# Data Analysis Project

**Students Names:** Nate Tyler <br>
**Course Name:** 
<br>
**Date:** 5/2/25 <br>

---

### Project Overview

In this project, you will work in a team of two and utilize what we have learned in this class to preform an analysis on a dataset. 

The data you choose is up to you! I encourage you to select a dataset that fits your area of expertise. Some of the resources for datasets are listed below. Note that these are just resources I've used in the past. You are not limited to these resources, but it's a place to start.<br>
    <br>
    - [kaggle](https://www.kaggle.com/datasets)<br>
    - [data.gov](https://data.gov/)<br>
    - [google datasets](https://datasetsearch.research.google.com/)<br>
    - [SEC datasets](https://www.sec.gov/data-research/sec-markets-data/financial-statement-data-sets)<br>
    - [dataquest](https://www.dataquest.io/blog/free-datasets-for-projects/)<br>

Your dataset must have at LEAST 10,000 rows of data. Additionally, it should have enough attributes to allow for a meaningful analysis and level of complexity (e.g., a dataset with just two columns for "name" and "birthdate" likely is not going to be enough.)

Once you have selected a dataset, you will be required to perform an analysis

 with a large dataset of at least 10,000 rows. The goal is to:
- Import and explore the dataset.
- Clean and prepare the data for analysis.
- Derive at least 6 key insights from the data using Python and Python libraries. You are welcome to add more coding blocks and more insights. 
- Communicate these insights clearly, professionally, and explain how they can inform decision-making.

---

If you and your group want to utilize the power of Github and use branches, here is the [documentation](https://docs.github.com/en/pull-requests/collaborating-with-pull-requests/proposing-changes-to-your-work-with-pull-requests/about-branches) on how to do so.

The cells below are a guide. Feel free to add code or markdown cells as necessary. 
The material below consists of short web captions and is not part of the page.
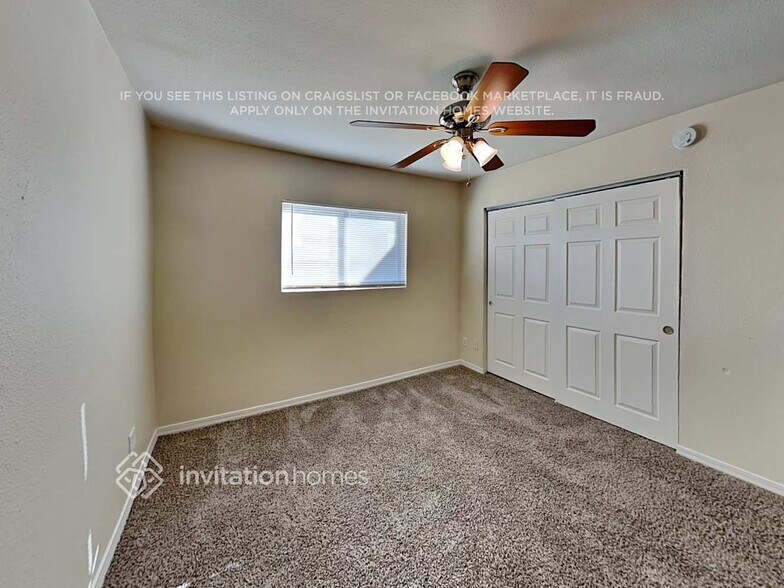 Building Photo - 3033 E Corrine Dr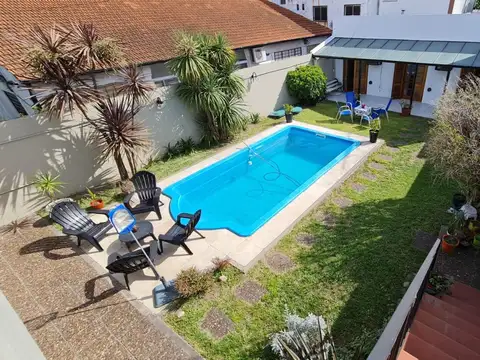 VENTA CASA 5 AMB CON PILETA, FONDO, COCHERA DOBLE EN QUILMES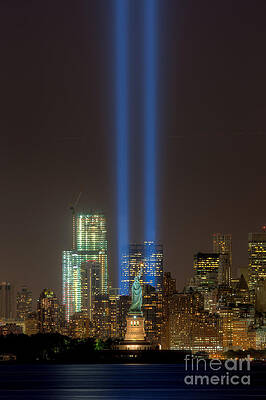 Wall Art featuring the photograph Tribute In Light XII by Clarence Holmes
## 1. Importing Necessary Libraries

In [4]:
# Code block to import libraries
import pandas as pd
import numpy as np
import seaborn as sns
import matplotlib.pyplot as plt
import statistics as stats



## 2. Loading the Dataset

Load your dataset here. Make sure the dataset has at least 10,000 rows.


In [5]:
# Code block to load the dataset
df = pd.read_csv('HopitalProviderCostReport_2022_FinalProject.csv')



## 3. Data Exploration

Explore the dataset by checking its dimensions, data types, and any missing values.


In [29]:
# Code block for data exploration
print('Data Set Info:')
#print(df.head()) #Shows 5 rows 

#This gives me the shape of the data set and shows the null values. How many & where theyre located. 
print(f"Initial Dataset Shape: {df.shape}") #Shows me I have 6,064 rows and 117 Colunns 
df.info()
# Calculate total nulls
total_nulls = df.isnull().sum().sum()

print(f"Total number of null values in the dataset: {total_nulls}") #I have 205,738 Null values accrossed the whole sheet

#nulls per column 
print("\nNull counts per column:")
print(df.isnull().sum())

#Show what percent of the sheet is null values
null_percent = total_nulls/ (6064*117)
print(f'Percent of Nulls in data sheet: {null_percent:.2f}')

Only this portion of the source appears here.